It's almost exactly a year ago that one of my clients accused me of being responsible for the recession. He felt that spreadsheet errors had almost certainly played their part in the financial collapse and that, as someone who spends much of their time lecturing and training on the use of Excel, this was probably my fault. Then this year, in the lead up to the UN climate summit in Copenhagen, there are accusations that scientists have been manipulating data and using 'tricks' in charts to promote their own interpretations. This does happen to coincide with one of the latest Excel roadshow courses including a brief section on using charts and graphics effectively and, how easy it is to use a chart to mislead…

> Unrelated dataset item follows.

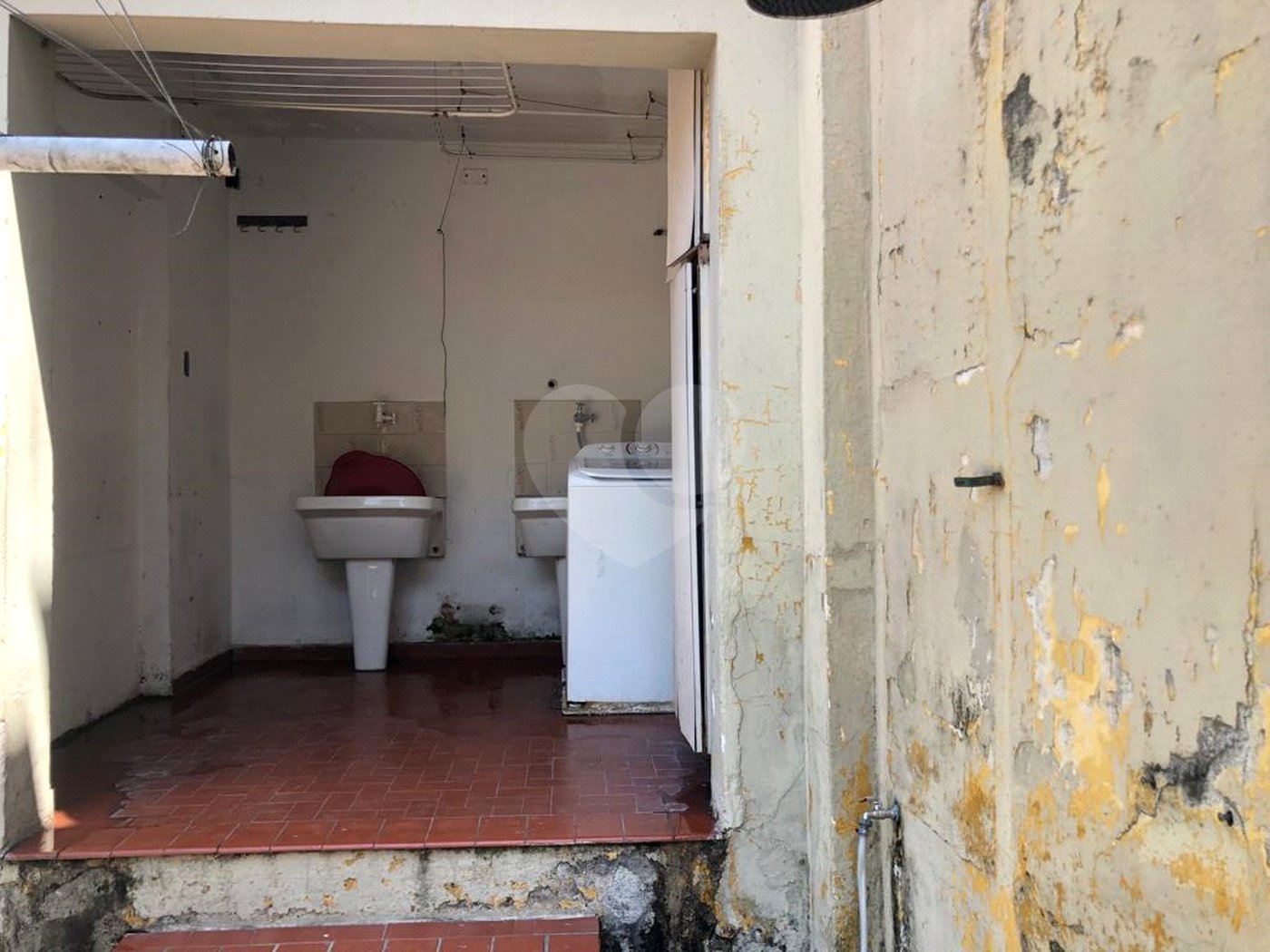 Casa à venda com 4 quartos, sendo 1 suíte,  em Jardim Colombo, São Paulo, SP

On the same subject, Dave Woolcock, an IT manager at Moore and Smalley, and to whom I will always be indebted for introducing me to the works of Edward Tufte, recently emailed me a copy of a letter he had sent to the Guardian newspaper concerning a chart in a recent edition had used circles to compare values. Instead of the area of the circle representing the comparative values, they had used the diameter to represent the ratio, thus making the difference appear considerably greater than it was. Here's a very simple example: which circle appears to be half the size of the larger 'green' value?

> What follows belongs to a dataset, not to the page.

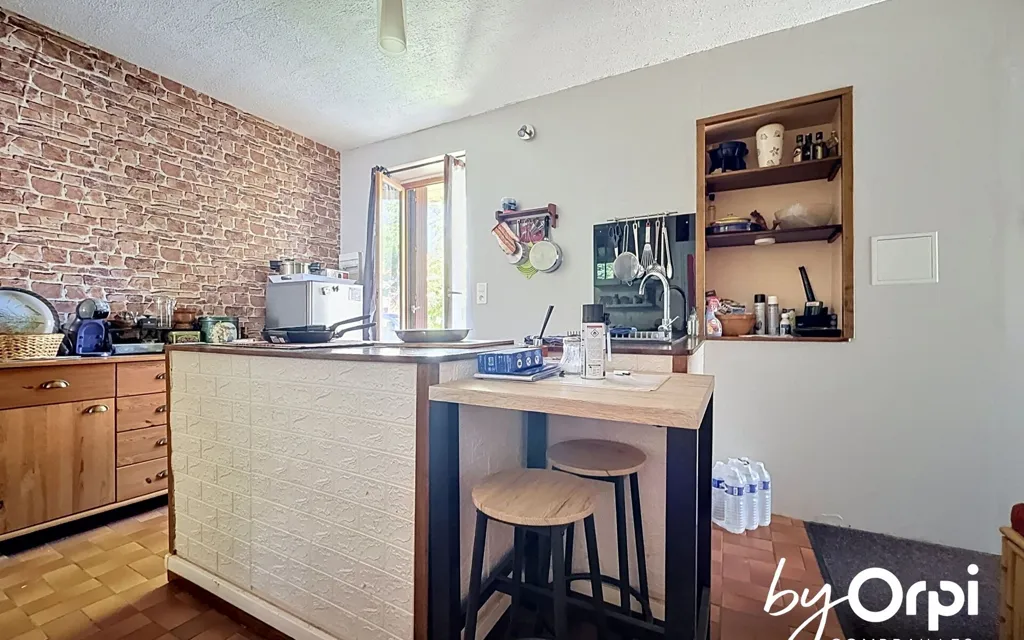 Kitchen - Flexible Maison with Garden in Montjoie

Tufte includes a chapter in his book 'The Visual Display of Quantitative Information' on Graphical Integrity and includes several real world examples of misleading charts, demonstrating how the use of areas to represent one-dimensional data can introduce a 'lie factor'. Have you been shocked by inaccurate and misleading graphics in the media or elsewhere? Please share your most brazen examples with us. Perhaps we could give a copy of Tufte's book to the person who comes up with the best(?) example during the coming year.
Anyway, briefly back to the climate change issue. There were these three adventurers driving across a big desert. Due to an error in their fuel requirement spreadsheet, they ran out of petrol in the middle of nowhere without any means of contacting the outside world. After a few days they were sitting around their camping table looking at their only remaining bottle of water. Suddenly, one of them reached across, grabbed the bottle and gulped down half of it before pouring the other half over his head to cool himself down. The others, too stunned to react in time, looked at him aghast. "What?" he snapped. "Show me the conclusive scientific proof that we’re not going to be rescued in the next hour."